Christopher, in his own words: “I cannot remember a single moment when I wasn’t gay.
But
being gay … that’s another story, one that I’m still figuring out.Like a bitter batch of sun tea, I was steeped in fundamentalist Christianity since birth. I entered my adolescent years with a foul taste in my mouth and enough guilt to last until I was over the hill. I bottled that up and tried to be devout.
Until my 29th year I truly believed that no person actually was gay. I thought my same-sex attractions were some kind of spiritual oppression. And I imagined two polarized forces fighting for the fate of my soul.
Imagine that.
It all seems so dramatic now.
Regardless of how it feels now, for too many years I believed it to be true and I knew my only option was to follow the doctrine in which I had been stewing. I did what every good Christian boy does: I married a woman and started a family.
Six years later I woke from the fever dream.
Coming out was utterly terrifying. All I could think about was my children, and the effect it would have on our relationship.
I had always been a very connected father. My kids were born at home with a midwife and I was there to catch each of them. I cut their umbilical cords and rinsed out their cloth diapers. I know that granola phase is long gone, but I loved every second of it.
It’s much easier to deny who you are when you are giving every moment to three precious little ones. But eventually there came a point of clarity in which the veil was pulled back (or torn in two — you take your pick). Suddenly I realized I had been fighting to maintain a certain standing in a religious paradigm to which I had always struggled to relate.
This epiphany resulted in my dual coming out—as a gay man and as a humanist. The ripple effects were beautiful and devastating.
When my ex-wife quickly moved them from northern Illinois to Nashville to join an oppressive religious community, I left everything I had ever known behind to follow my children. I didn’t know what to expect moving to the Bible Belt just months after coming out. What I found in Nashville was a wonderful queer community that embraced me.
After spending almost three decades feeling mostly alone, now I am surrounded by people that love me for who I am and support me as I navigate my way through the trials of divorce and a new and unexpected version of fatherhood.
It’s been a painful process, and I know challenges will persist.
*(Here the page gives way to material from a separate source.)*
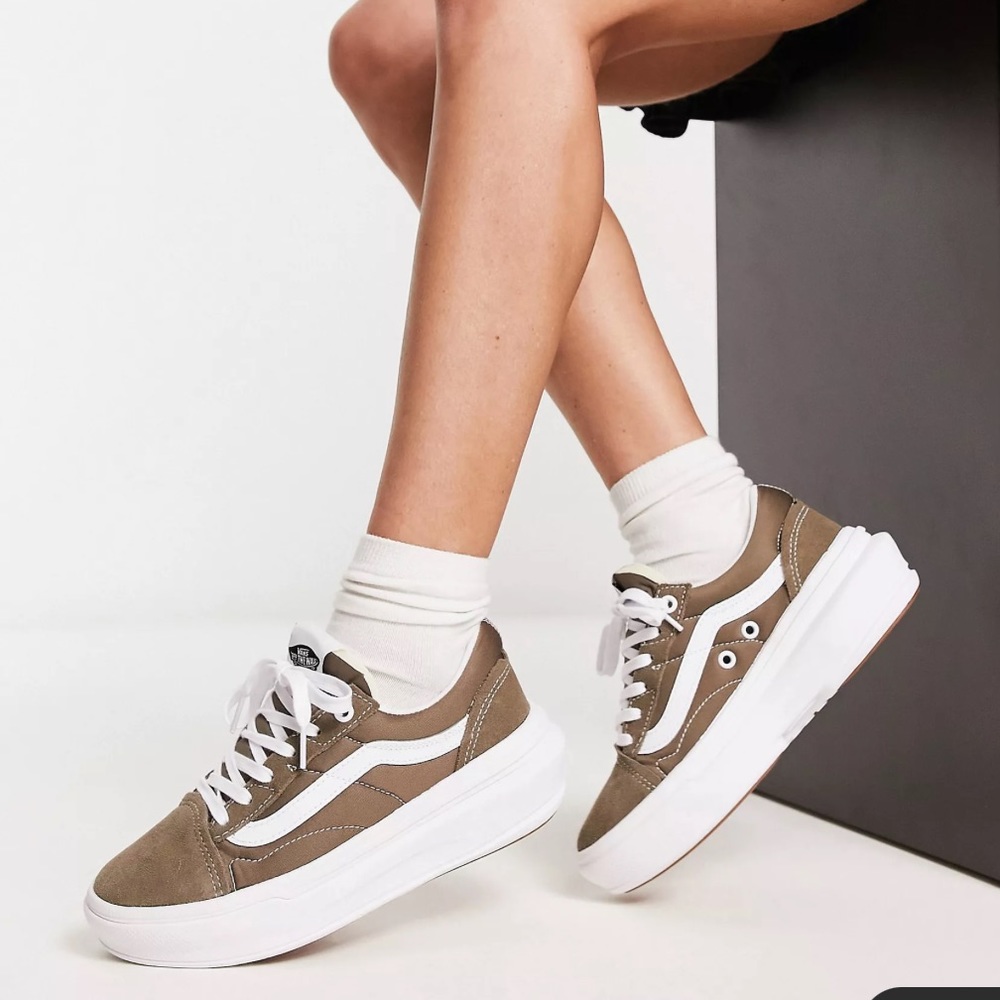 Old Skool Overt Vans Sneakers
This is obvious when your father is a gay, secular humanist and your mother an outspoken Christian fundamentalist. I know my children will come out on the other side of this as strong, freethinking individuals. They will see that their father never stopped loving them.
As for me, I’m in a city that feels like home and sharing life with a man with whom I’m completely in love. What more could I ask for?
If I could go back in time, I’d tell my younger self a lot of things. I would grab me by the shoulders and shake me violently while proclaiming “feel the fuck out of your feelings!”
I’d remind myself of the beauty in simply being alive.
Being gay is small in the scope of the human experience. Stop making such a big deal about it. Accept it and move on so that you can look your life square in the eye and be in awe of its sheer magnitude.”